Affondo dentro questo sfarzo d’albergo, seduta sul giallo d’un divano importante, che risalta e contorna tutti i dettagli, che mi fanno più bella unica e rara. Oddio davvero come devo essere bella! Mi guardo e mi piaccio e cambio le pose, nella parete di specchio in fondo alla hall, con la mano sinistra allargo le dita, tiro dietro i capelli e scopro la fronte.

Ovunque profumano mazzi di fiori, ma sarò io la rosa più fresca, che quest’ometto di fronte fissa e consuma, a circa due metri dall’impossibile sogno? Giro ed accavallo le gambe, mi fermo sospesa a metà della ruota. Chissà se riesce a vedere qualcosa, chissà se ha capito che sotto la gonna quel nero che vede non è fatto di stoffa. Allora insisto e lo lascio guardare, perché in fondo sento un sottile piacere, un nonsoché di potere, di regina e corona, quando lo vedo che spalanca i suoi occhi ed io ostento ed increspo la calza, perché non abbia il minimo dubbio, di quello che a breve potrebbe trovare, di quanta classe di seta s’intravede nell’ombra, di queste gambe gemelle velate di nero.

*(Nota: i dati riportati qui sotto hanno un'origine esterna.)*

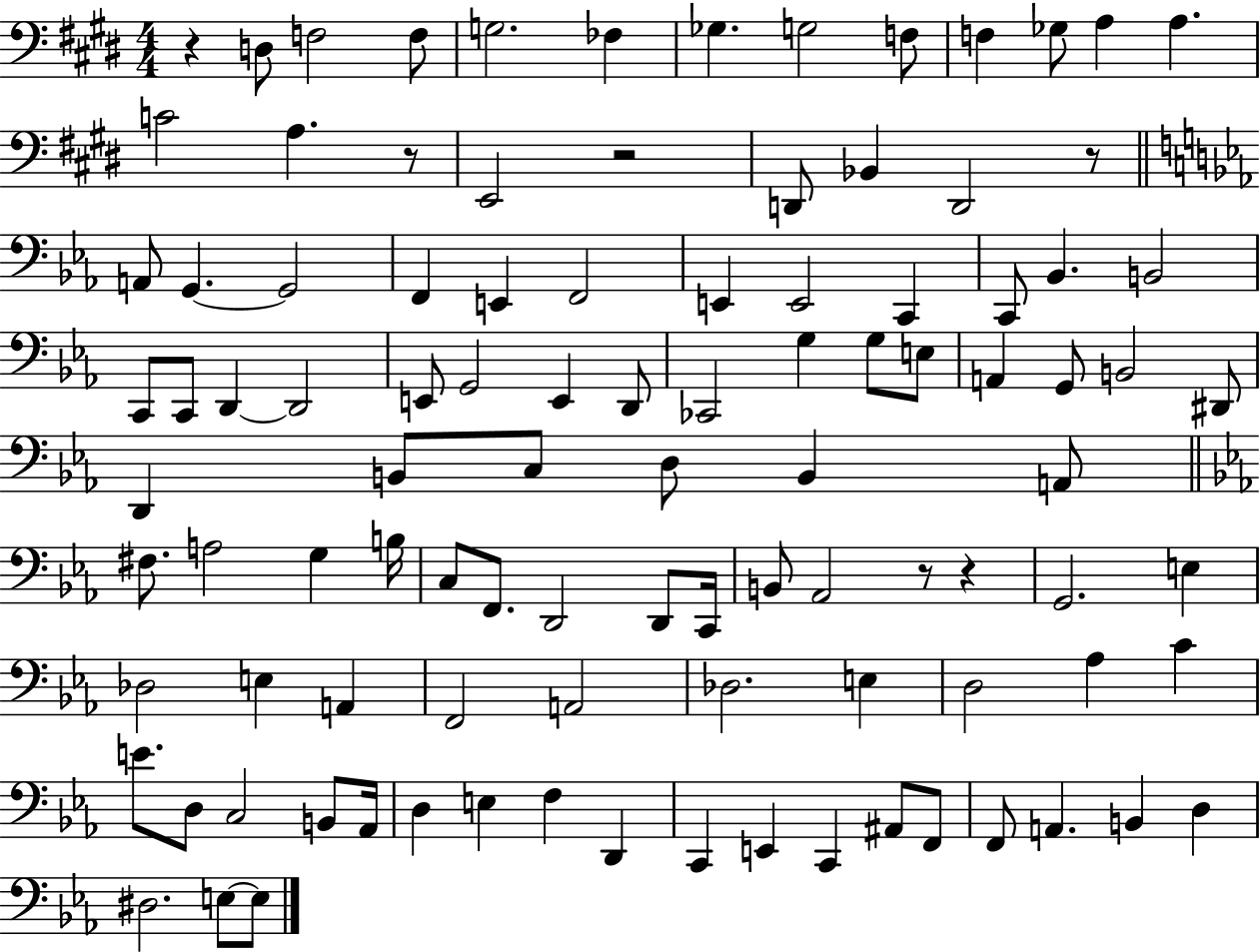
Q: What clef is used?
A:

Soffio il fumo contro il soffitto, anche se qui non si potrebbe fumare, ma io sono bella e mi è concesso di tutto, esattamente come farebbe la bella Luisa, protagonista dei miei racconti e donna di classe, che fa dell’amore la sua arte migliore, che fa del suo sesso l’antico mestiere. Poi aspiro di nuovo tenendo tese le dita, lasciando che la luce del giorno di fuori, sbatta diretta sulle mie unghie riflesse, e crei una pioggia rossa di luci, che a rivoli scende disperdendosi al nulla.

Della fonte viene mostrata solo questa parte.